The country’s manufacturers are facing an acute raw materials crisis as they are still failing to open letters of credit (LCs) for the import of primary goods due to foreign currency shortage. The businesses have to wait for months to open LCs in the banks to import raw materials amid the dollar crisis and it has created a terrible scarcity of raw materials in the market.

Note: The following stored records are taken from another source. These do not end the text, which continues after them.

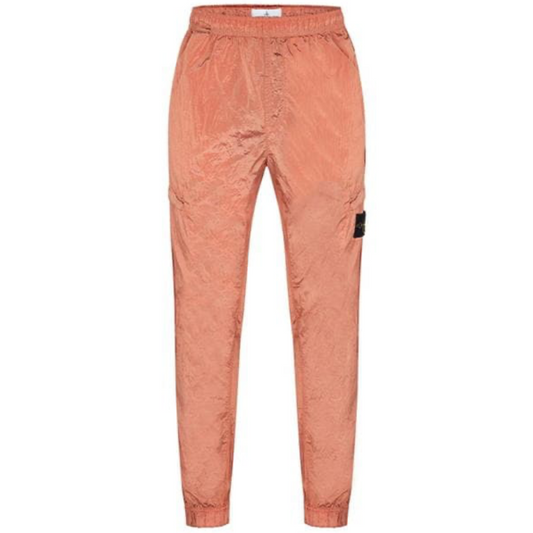Stone Island Orange Nylon Metal Cargo Pants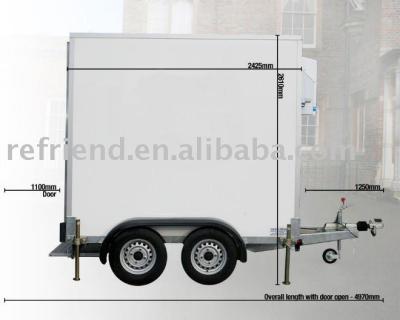 China 5000w refrigeration trailer for sale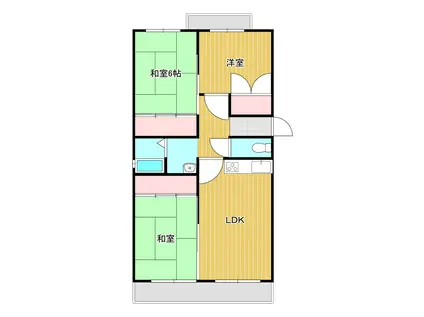アミティエ五泉(3LDK/2階)の間取り写真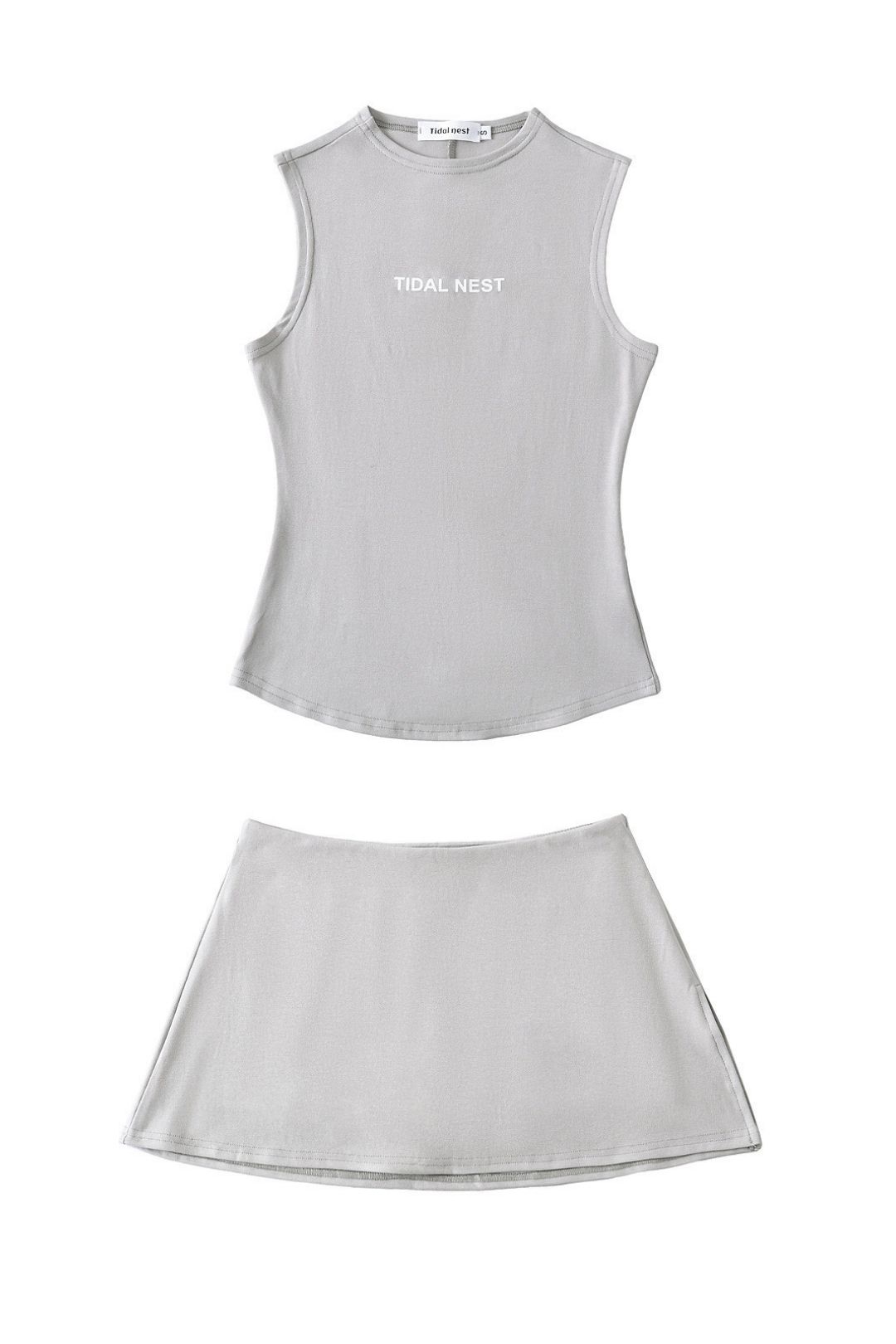 Basic Letter Small Round Neck Elastic Sleeveless Vest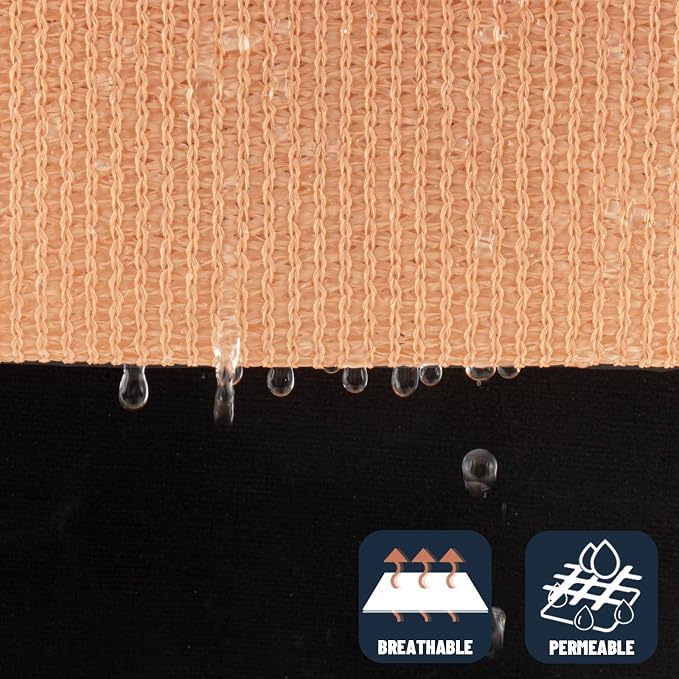 SUNNY GUARD Custom Size 16'x16'x22.6'Peach Fuzz Sun Shade Sail Right Triangle - Image 5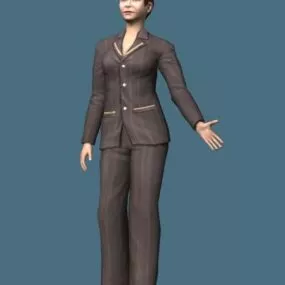 Middle Aged Business Woman Rigged 3d model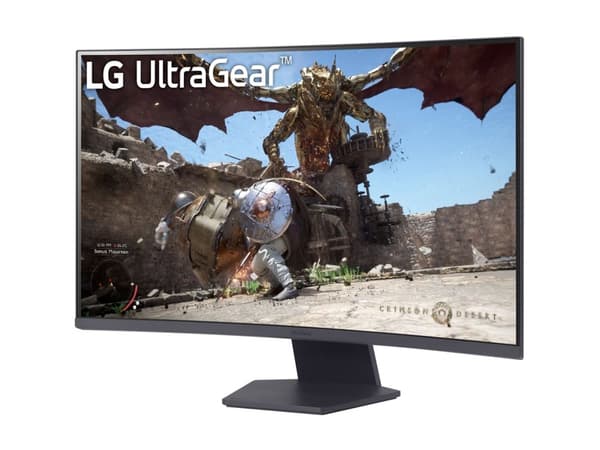 LG 32GS60QC-B, 80 cm (31,5"), 2560 x 1440 piksler, Quad HD, LCD, 1 ms, sortering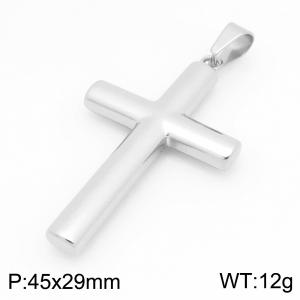 Stainless Steel Cross Pendant - KP117887-HR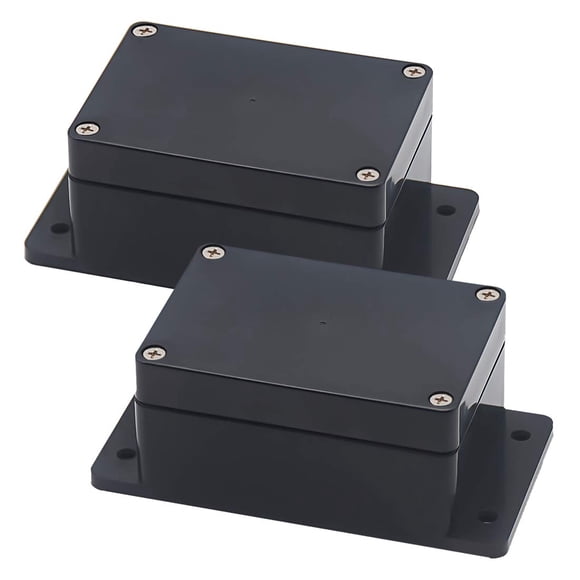 Caja de conexiones Zulkit de ABS IP65 impermeable 10 x 7 x 5 cm, paquete de 2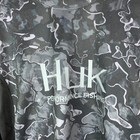 Huk Performance Fishing Shirt Mens Medium Long Sleeve Black Camo Outdoor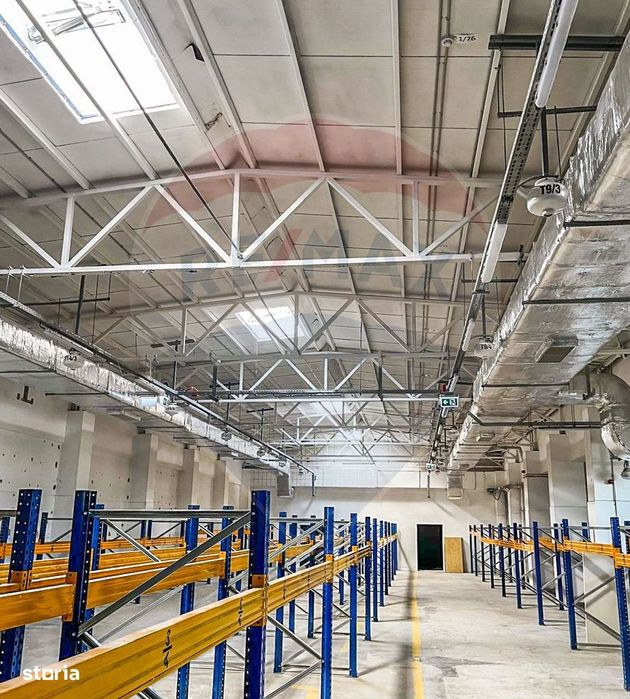 Hala industriala beton P+E 1300 mp productie-depozitare Pipera Plaza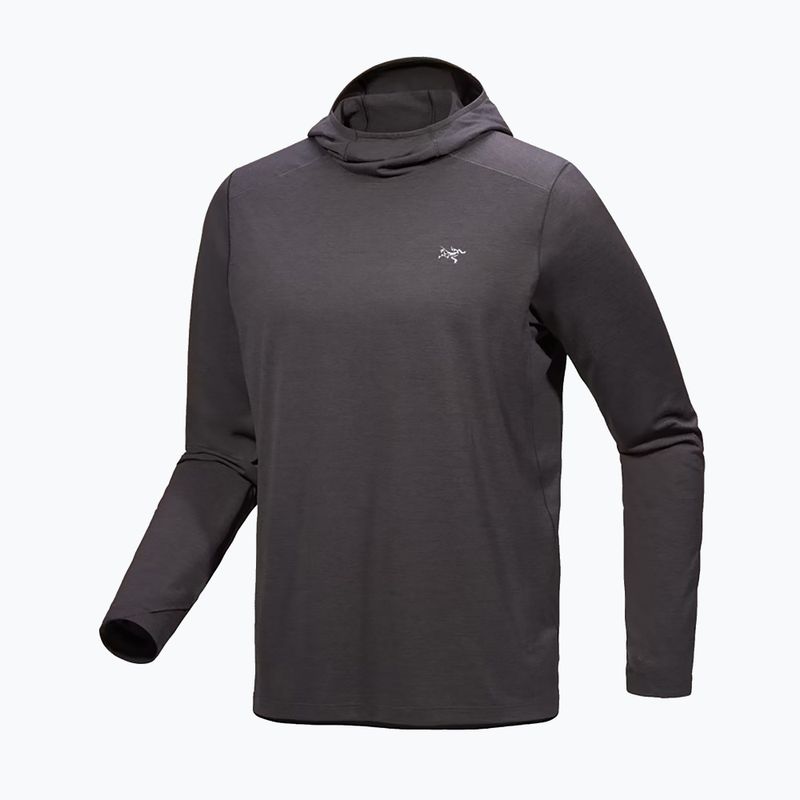 Maglia a maniche lunghe da uomo Arc'teryx Cormac Hoody black heather 5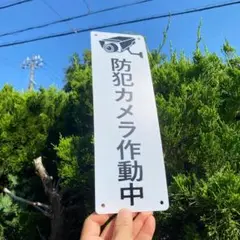 3枚入-防犯カメラ作動中看板 サイン標識 防犯カメラ設置中セキュリティ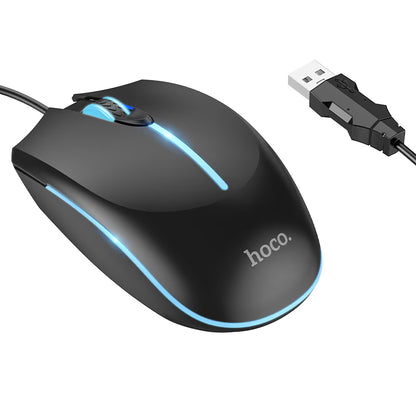 Kablet Gamingmus USB HOCO GM37, RGB, 2400DPI, Svart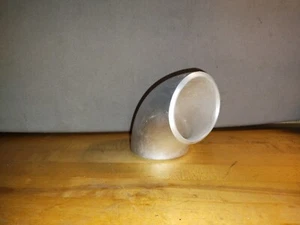 3" SCH 40 kurzer Radius Stumpfschweißen Aluminiumbogen 90° 6061-T6 nahtlos Flomac USA - Bild 1 von 6
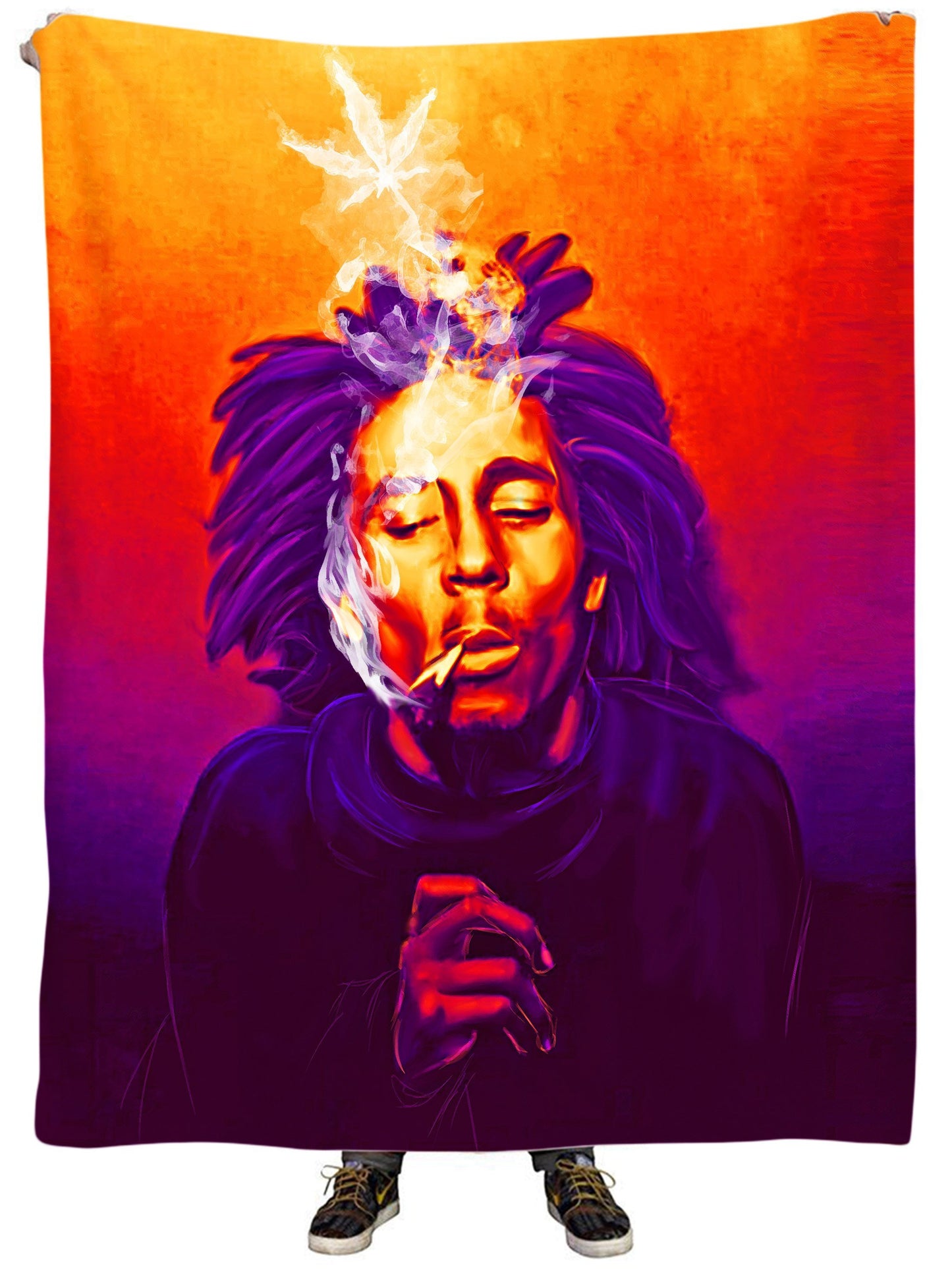 One Love Plush Blanket, Heather McNeil, | iEDM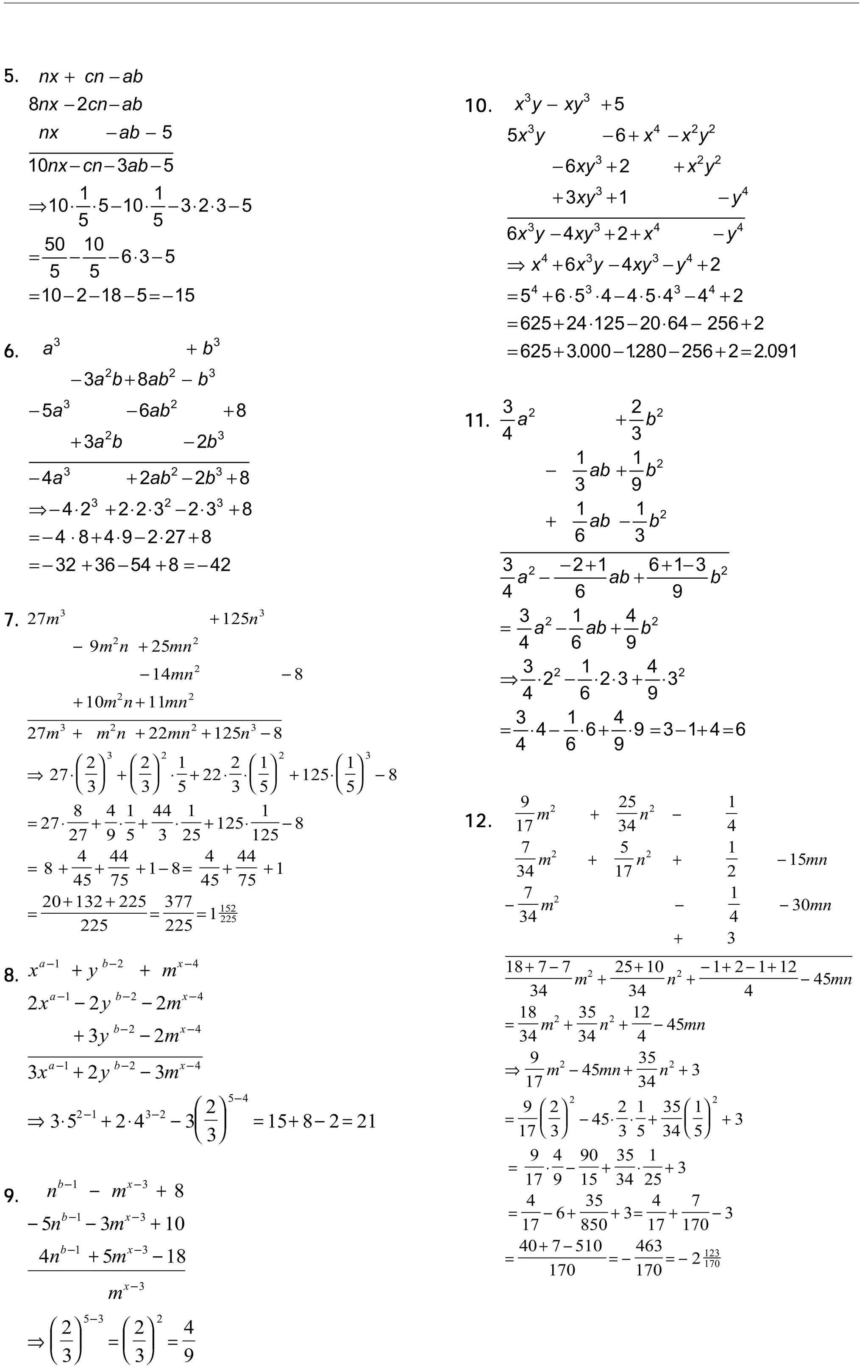 Solucionario del-algebra-baldor-ejercicios-resueltos | PDF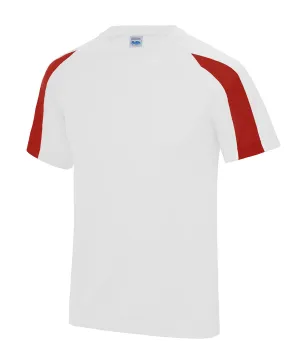 Contrast cool T | Arctic White/Fire Red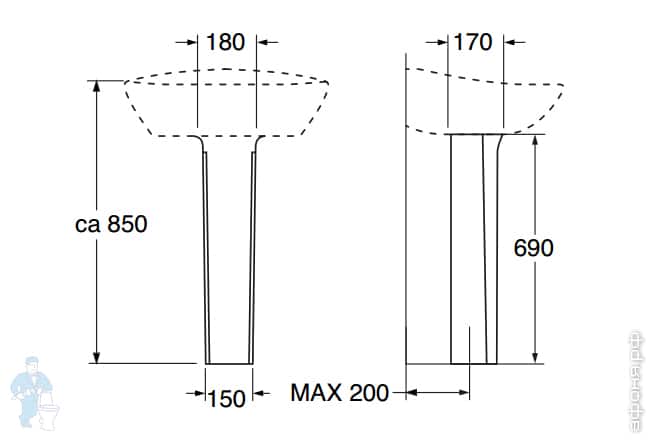 GUSTAVSBERG ESTETIC 7273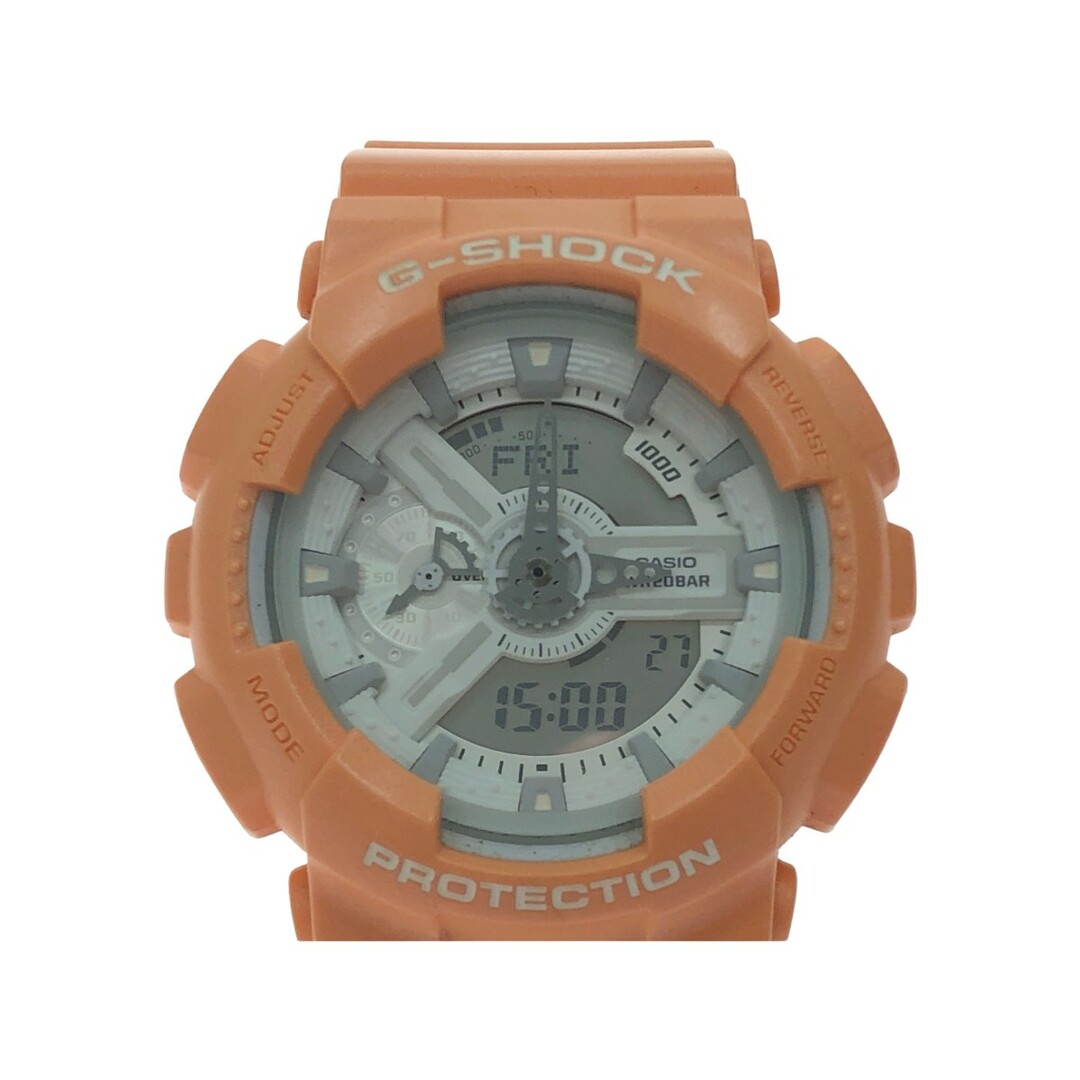 ▼▼CASIO カシオ メンズ腕時計 クオーツ G-SHOCK Gショック デジアナ マットメタリックシリーズ GA-110SG オレンジ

Bangladesh Bank said that the dollar crisis has reduced slightly due to higher remittance inflow and export earnings compared to the import expenditure, although it is yet to reach normal time. The number of LC openings has increased as the dollar supply improved somewhat. On average, the banks are opening LCs around 1,800 to 2,000 per day, which was below 1000 a month ago. The central bank is encouraged to open LCs mostly for the import of essential commodities. But the entrepreneurs said that they are facing a shortage of raw materials in the industrial sector as they are still not able to open LCs due to dollar shortage. The country’s foreign currency reserves have already dropped to $31.15 billion on Thursday and the value of the taka has fallen by 27 per cent from 84 to the dollar to 107. To protect the declining reserves, the government-imposed restrictions on imports of all non-essential goods and reduced the supply of dollars to commercial banks.
The raw material prices soared in the global market soon after the commencement of the Russia-Ukraine war. It invited an acute dollar crisis in the country and prompted the central bank to impose import restrictions in phases to keep the situation under control. The country has a severe shortage of greenbacks due to its dwindling foreign reserves and a sharp drop in the value of the Taka against the dollar.
Mere words will not solve any problem. The government will have to act and show the results.